A Kobayashi Maru Approach to Finding Primes
It has been said that “Great engineering strikes a balance between competing objectives.” I believe this to be true, in both mechanical and software engineering. In the latter, the competing objectives are typically clarity, size, and speed.
So I thought it a great opportunity to apply this principle when a computer scientist in South America challenged me to write a Plain English program, based on the Sieve of Eratosthenes, that could count the number of primes less than 250, 000 in less than a second (on a bottom-of-the-line computer from Walmart).
Now Plain English is not the fastest language on earth, because clarity trumps speed when the primary goal of a language is to be natural.
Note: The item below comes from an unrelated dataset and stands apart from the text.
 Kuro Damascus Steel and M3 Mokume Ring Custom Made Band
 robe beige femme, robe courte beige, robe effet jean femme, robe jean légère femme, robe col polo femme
But Plain English is a reasonably fast language, and by balancing competing objectives, we can usually find an acceptable solution to any problem laid before us.
In this case, we first needed to make the famous Sieve of Eratosthenes clear; easy to understand. So we started with Wikipedia’s description of the algorithm…
To find all the prime numbers less than or equal to a given integer n by Eratosthenes’ method:
1. Create a list of consecutive integers from 2 through n: (2, 3, 4, …, n).
2. Initially, let p equal 2, the smallest prime number.
3. Enumerate the multiples of p by counting to n from 2p in increments of p, and mark them in the list (these will be 2p, 3p, 4p, …; the p itself should not be marked).
4. Find the first number greater than p in the list that is not marked. If there is no such number, stop. Otherwise, let p now equal this new number (which is the next prime), and repeat from step 3.
…which in Plain English reads like this:
To make a list of prime numbers less than or equal to a number: Create the list of consecutive integers from 2 to the number. \ wiki's #1 Get an entry from the list. \ wiki's #2 Loop. Mark higher multiples of the entry. \ wiki's #3 Get the entry for the next lowest possible prime. If the entry is not nil, repeat. \ wiki's #4
That takes care of the clarity objective. If you’re wondering, the type definitions and support routines that make that actually work are equally clear:
An entry is a thing with a number and a non-prime flag. A list is some entries. To create a list of consecutive integers from a number to another number: Privatize the number. Loop. If the number is greater than the other number, exit. Create an entry for the number. Append the entry to the list. Add 1 to the number. Repeat. To create an entry for a number: Allocate memory for the entry. Put the number into the entry's number. Clear the entry's non-prime flag. To mark higher multiples of an entry: Privatize the entry. Loop. Put the entry's next into the entry. If the entry is nil, exit. If the entry's number is evenly divisible by the original entry's number, set the entry's non-prime flag. Repeat. To get an entry for the next lowest possible prime: Put the entry's next into the entry. If the entry is nil, exit. If the entry's non-prime flag is set, repeat.
So clarity, good. Size, good (the executable is only 150k). But what about speed? A little over 4 minutes to make the whole list for numbers between 1 and 250, 000. Not good. Hmm… What would Captain Kirk do? What if we sacrificed a little size for speed? Why, after all, do we keep calculating primes over and over again when they never change? So I ran the program again, this time with an additional routine like this…
To make a prime string from a list: Put "N" into the prime string. Loop. Get an entry from the list. If the entry is nil, exit. If the entry's non-prime flag is set, append "N" to the prime string; repeat. Append "Y" to the prime string. Repeat.
…to make a string with all the primes marked. Then I saved the string in a text file and pasted it into a library I called “Super fast prime number checker for numbers between 1 and 250, 000.” This is what that library looks like:
The prime string is a string equal to "NYYNYNYNNNYNYNNNYNYNNNYNNNNNYNYNNNNN... To decide if a number is prime (fast check): If the number is less than 1, say no. If the number is greater than the prime string's length, say no. Put the prime string's first into a byte pointer. Add the number to the byte pointer. Subtract 1 from the byte pointer. If the byte pointer's target is the big-Y byte, say yes. Say no.
The prime string in the source is, of course, much longer than the one shown above. And it could be 8 times shorter if we used bits instead of “Y”s to mark the primes. But it hurts my head to have to think that hard. At any rate, this program…
To run: Start up. Write "Working..." on the console. Start a timer. Get a count of prime numbers less than or equal to 250000. Stop the timer. Write the count then " prime numbers." on the console. Write the timer's string then " milliseconds." on the console. Wait for the escape key. Shut down. To get a count of prime numbers less than or equal to a number: Privatize the number. Clear the count. Loop. If the number is prime (fast check), add 1 to the count. Subtract 1 from the number. If the number is less than 2, break. Repeat.
…which is very clear, and reasonably small (about 400k), is also remarkably fast. it can count the 22, 044 primes less than or equal to 250, 000 in 16 milliseconds or less. And, since it’s (indirectly) based on the Sieve of Eratosthenes, it meets the requirements of the original specification!
I think Captain Kirk would approve.